When it is the update timing (step S220, YES), the update unit 245 distributes the synthetic likelihood calculation logic reconstructed by the learning unit 230 to the obstacle recognition device 60, and the likelihood calculation unit 40 The composite likelihood calculation logic is updated (step S230). When there are a plurality of vehicles 100 capable of communicating with the server 250, the update unit 245 may deliver the update result to the plurality of vehicles 100.

If it is not the learning timing (step S200, NO), or if it is not the update timing (step S220, NO), the server 250 does not perform learning (step S210) or update (step S230), and processes in step S200. Return to.

The effect of learning will be explained. The vertical axis of FIG. 12 is the composite likelihood, and the horizontal axis is the grid position. As shown in FIG. 12, for the target detected at a certain position, even if the synthetic likelihood that is larger than the first threshold value X and smaller than the second threshold value Y is calculated before learning, the first is as the learning progresses. The synthetic likelihood of the threshold value X or less or the synthetic likelihood of the second threshold value Y or more is calculated.

The vertical axis of FIG. 13 is the composite likelihood, and the horizontal axis is the composite likelihood appearance rate. As shown in FIG. 13, as the learning progresses, the appearance rate of the synthetic likelihood larger than the first threshold value X and smaller than the second threshold value Y decreases, and the synthetic likelihood of the first threshold value X or more or the second threshold value Y or more decreases. The appearance rate of degrees increases.

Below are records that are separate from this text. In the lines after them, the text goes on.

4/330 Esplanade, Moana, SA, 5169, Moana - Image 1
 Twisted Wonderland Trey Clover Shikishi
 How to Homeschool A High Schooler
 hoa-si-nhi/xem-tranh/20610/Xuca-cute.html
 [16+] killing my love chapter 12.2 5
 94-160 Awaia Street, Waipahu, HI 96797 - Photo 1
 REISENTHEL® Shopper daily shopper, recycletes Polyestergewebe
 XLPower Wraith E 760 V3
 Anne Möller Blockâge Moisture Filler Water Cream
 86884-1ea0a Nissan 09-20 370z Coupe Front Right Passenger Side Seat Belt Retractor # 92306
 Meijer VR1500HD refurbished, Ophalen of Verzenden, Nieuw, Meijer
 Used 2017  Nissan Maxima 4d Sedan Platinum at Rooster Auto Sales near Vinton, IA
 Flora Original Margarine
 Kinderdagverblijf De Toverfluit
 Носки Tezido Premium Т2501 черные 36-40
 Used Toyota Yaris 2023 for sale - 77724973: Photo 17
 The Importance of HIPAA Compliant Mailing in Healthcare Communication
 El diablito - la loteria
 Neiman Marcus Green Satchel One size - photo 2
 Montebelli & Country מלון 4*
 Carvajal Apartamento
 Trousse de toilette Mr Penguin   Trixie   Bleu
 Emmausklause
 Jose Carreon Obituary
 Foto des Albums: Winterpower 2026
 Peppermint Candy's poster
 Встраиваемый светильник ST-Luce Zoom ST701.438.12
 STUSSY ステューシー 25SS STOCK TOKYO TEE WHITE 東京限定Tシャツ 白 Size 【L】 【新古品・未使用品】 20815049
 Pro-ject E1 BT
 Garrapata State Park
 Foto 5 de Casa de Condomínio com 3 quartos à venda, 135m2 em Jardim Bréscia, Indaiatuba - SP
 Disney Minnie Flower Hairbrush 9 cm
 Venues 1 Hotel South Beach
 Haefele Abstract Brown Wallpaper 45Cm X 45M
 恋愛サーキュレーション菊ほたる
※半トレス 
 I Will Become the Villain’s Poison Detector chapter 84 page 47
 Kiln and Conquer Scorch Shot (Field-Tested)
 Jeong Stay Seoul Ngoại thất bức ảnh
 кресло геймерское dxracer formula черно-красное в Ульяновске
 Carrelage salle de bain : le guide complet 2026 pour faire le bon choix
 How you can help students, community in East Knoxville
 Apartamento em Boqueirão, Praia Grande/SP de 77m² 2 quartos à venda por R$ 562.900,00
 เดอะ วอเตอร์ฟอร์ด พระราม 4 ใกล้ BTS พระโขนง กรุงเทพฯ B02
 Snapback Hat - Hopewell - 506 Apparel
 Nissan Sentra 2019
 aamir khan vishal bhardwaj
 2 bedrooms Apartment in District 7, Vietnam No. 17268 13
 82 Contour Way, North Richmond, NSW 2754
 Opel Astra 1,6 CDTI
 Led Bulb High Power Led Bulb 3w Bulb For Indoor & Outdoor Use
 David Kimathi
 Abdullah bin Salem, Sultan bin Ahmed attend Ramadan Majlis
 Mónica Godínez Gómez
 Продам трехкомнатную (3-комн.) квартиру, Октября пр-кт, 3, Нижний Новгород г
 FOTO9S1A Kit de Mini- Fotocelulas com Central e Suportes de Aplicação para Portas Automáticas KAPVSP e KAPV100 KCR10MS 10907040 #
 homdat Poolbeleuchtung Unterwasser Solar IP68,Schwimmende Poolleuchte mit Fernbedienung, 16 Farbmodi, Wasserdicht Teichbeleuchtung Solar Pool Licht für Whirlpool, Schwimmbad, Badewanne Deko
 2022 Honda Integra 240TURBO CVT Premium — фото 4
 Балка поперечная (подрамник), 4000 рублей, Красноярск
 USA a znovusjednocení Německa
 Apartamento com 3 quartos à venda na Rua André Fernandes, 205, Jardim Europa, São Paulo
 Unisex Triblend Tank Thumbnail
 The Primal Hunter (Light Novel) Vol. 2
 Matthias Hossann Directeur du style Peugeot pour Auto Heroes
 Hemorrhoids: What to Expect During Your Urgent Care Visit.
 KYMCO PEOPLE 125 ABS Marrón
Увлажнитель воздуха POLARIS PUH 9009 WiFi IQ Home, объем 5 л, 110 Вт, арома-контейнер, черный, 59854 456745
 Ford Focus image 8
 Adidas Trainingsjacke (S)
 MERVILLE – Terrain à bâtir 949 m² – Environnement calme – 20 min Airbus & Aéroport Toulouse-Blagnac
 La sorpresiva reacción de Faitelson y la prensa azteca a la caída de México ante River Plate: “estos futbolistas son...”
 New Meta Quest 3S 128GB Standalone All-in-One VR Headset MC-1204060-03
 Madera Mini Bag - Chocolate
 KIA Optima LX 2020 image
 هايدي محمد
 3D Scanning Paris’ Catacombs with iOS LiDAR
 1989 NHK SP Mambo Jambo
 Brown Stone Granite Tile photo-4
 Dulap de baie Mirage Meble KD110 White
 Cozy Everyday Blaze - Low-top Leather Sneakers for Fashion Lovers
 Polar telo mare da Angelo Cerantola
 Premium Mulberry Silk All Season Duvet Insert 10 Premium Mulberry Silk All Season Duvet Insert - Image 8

According to this embodiment, when the likelihood is larger than the first threshold value X and smaller than the second threshold value Y, it is determined that there is a provisional obstacle, so that the safety in recognizing the obstacle can be enhanced. Further, since the imaging result and the likelihood calculation result when it is determined that there is a temporary obstacle are acquired and corrected, the obstacle recognition device 60 is compared with the case where all the imaging results and the likelihood calculation results are acquired. And the communication load between the server 250 and the server 250 can be reduced. Further, since the storage unit 240 stores the detection result and the likelihood calculation result when it is determined that there is a provisional obstacle, and the correction result with the provisional obstacle, the recognition accuracy of the obstacle can be determined. It is possible to efficiently collect learning data for improvement. Furthermore, since supervised learning is performed using the data when it is determined that there is a provisional obstacle, suspicious data, for example, because the frequency of occurrence is low, is considered in the initial likelihood calculation logic in the likelihood calculation unit 40. It is possible to efficiently learn the data of the scenes that did not exist. Further, since the likelihood calculation logic of the obstacle recognition device 60 is updated by the reconstructed likelihood calculation logic, the frequency of determining that there is a provisional obstacle in the obstacle recognition device 60 is reduced, and the failure is reduced. It is possible to improve the recognition accuracy of an object.

Further, according to the above embodiment, since the composite likelihood is calculated from the likelihood of each sensor and the judgment is made using the composite likelihood, the obstacle recognition accuracy in the obstacle recognition device 60 can be improved.

Further, according to the above embodiment, the correction unit 220 corrects the divided area in the area determined to have "provisional obstacle", so that the load on the correction can be reduced.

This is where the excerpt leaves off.